Hello
How are you doing today?
Something to Consider
When I was younger, I was never the one to give relationship advice. In fact, even hearing others trying (to give advice to one another, re: romantic relationships) made my stomach squirm and head swim. I didn’t want to think about it; I didn’t know what to think about it. I knew that I didn’t have the “communication skills” to make sense of the advice nor succeed on my own. It was veritably uncomfortable!
No surprise then that when it comes to romantic love, I viewed myself like a blind man stumbling in the dark without a cane, destined to fail.
It’s funny looking back on it now, realizing how silly my view of things was, knowing that many if not most people have suffered a few failings / mishaps / screw ups / missteps / losses / misjudgments / upsets / (and so on) when it comes to love.
For some reason, back then, I felt more comfortable in “friendship territory” — which nowadays I realize is equally complicated.

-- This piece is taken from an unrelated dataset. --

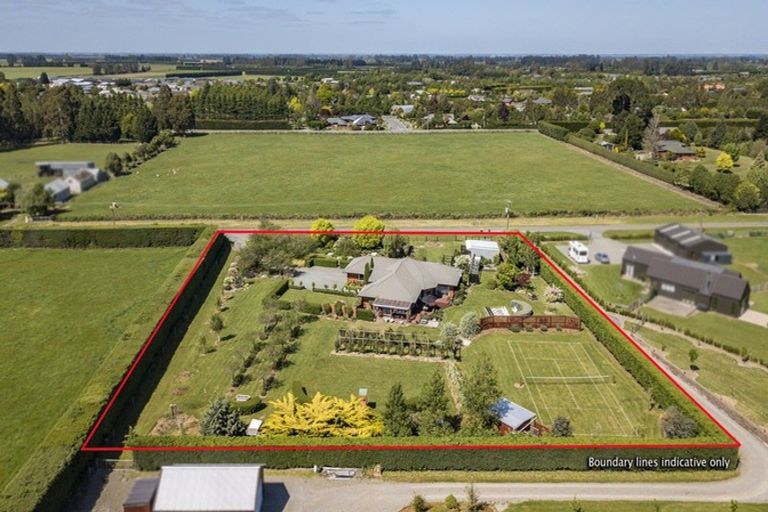 Photo of property in 26 Cridges Road, Darfield, 7510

Committing to love others — no matter whether we’re talking about a family member, romantic partner, or friend — takes effort and an open mind.
Let’s see if you agree: I’m thinking, the mistakes I make (then and now) need not sway me from trying (differently) another day. Love is showing up. Love is not about perfection.

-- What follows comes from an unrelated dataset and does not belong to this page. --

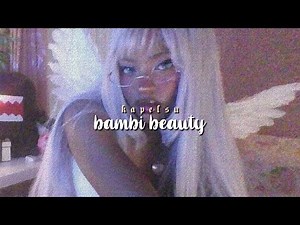 bambi beauty! ★ fawn-like innocent looks subliminal [listen once]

We pay attention. We avoid assuming we have them figured out already. We notice instead how they are really changing (and try not to feel their changes as a threat). We give space while still remaining interested. Love is neither possessing nor neglecting. Love is attending to the changes.

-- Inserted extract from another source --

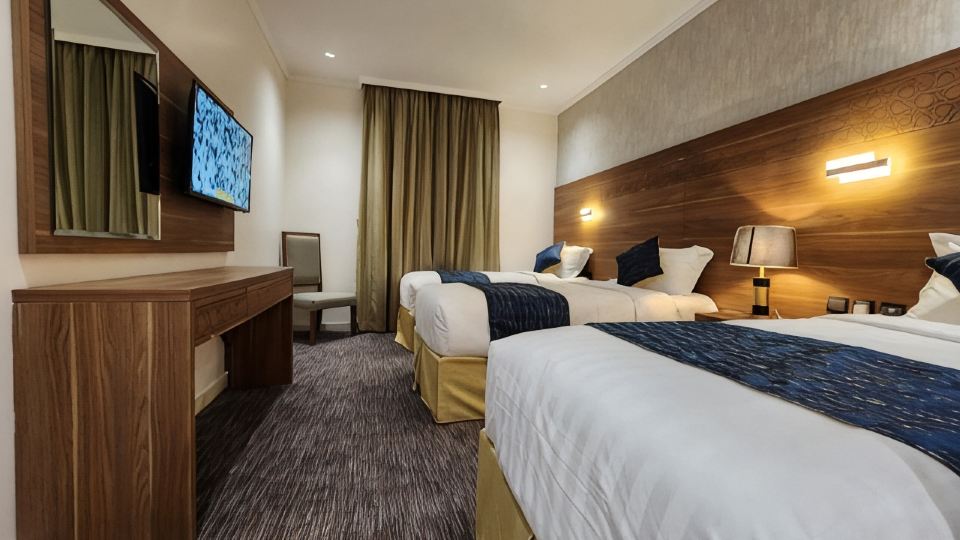 Rowaa Al Azizia Hotel Makkah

Love means trying to communicate, investing time to learn, being kind to ourselves as we learn, caring to find those who care, who want to understand what we’re trying to say. Love is an ongoing process. We never quite arrive, and we do not quit either.
To love is to continue… with a wisened heart and a learning mind.
Something to Read
5 Tips for Building an Equitable Early-Stage Company (Startups & Society Initiative)
It’s a common-enough cliché in the tech startup world, that the best thing to do is to fail fast, fail early. The idea is to encourage an ‘iterative’ action-based approach. Rather than over-think stuff, try things and see what happens next. If you fail, then find a way to improve, and try again.
That said, sometimes the philosophy is used to justify making poor decisions in a company’s early stages. For instance, if we start a company and think that we should only have investors and advisors who look and think exactly as we do, then we might overlook key opportunities later.
Another example: If we say we care about creating an inclusive, caring team as a startup organization, then it’s important to develop thoughtful frameworks for hiring, team-building, career growth, salary equity etc before your team becomes 100+ people. Without clear frameworks of accountability, the stated values become empty words. When your team has grown in size past a certain point, if you failed to invest time sooner on this important issue, the problem will have likely ballooned into a very serious one indeed.
For those who see the societal failures of generations past, and recognize the value in learning from others’ mistakes, without repeating them ourselves, there are opportunities galore! The co-founders of early-stage startup Topknot have shared 5 tips on how they made decisions to build an equitable company from the beginning.
I love it.
Something to Hear
If you’ve been reading The Bridge a while, you might have noticed that I really like Kendrick Lamar’s music. & with all the awards he’s received and number of times his songs have been streamed, I’m clearly not the only one.
That said, if you’re new to his music, it’s worth noting he grew up working class in a place that people’d say is ‘unsafe’ and yet he made it famous: Compton CA. He talks of violence and makes it poetic. He wins a Pulitzer and comes out 5 years later with the most authentic, vulnerable album yet. His open heart, making it real, helping our hearts heal because unstated secrets and taboos are walls disconnecting us from our emotions, but Kendrick Lamar says:
As I get a little older, I realize life is perspective
And my perspective may differ from yoursI come from a generation of pain, … /
In the land where hurt people hurt more people /
Celebrate new life when it come back around
The purpose is in the lessons we learnin' now
Sacrifice personal gain over everything
Just to see the next generation better than oursAnd to my neighborhood, let the good prevail
Make sure them babies and them leaders outta jail
Look for salvation when troubles get real
Y'all had to see it, that's the only way to feel'Cause you can't help the world until you help yourself
And I can't blame the …
Something to Try
Try — next time you feel like it’s the place you were born, it’s the people who raised you, it’s the culture around you, it’s the ones who ignored you — try shifting the blame, try putting it away, wait ‘til it transforms into a new ownership, an ownership of our pain and our agency to make a change. We can help one another help ourselves pro bono, free of charge.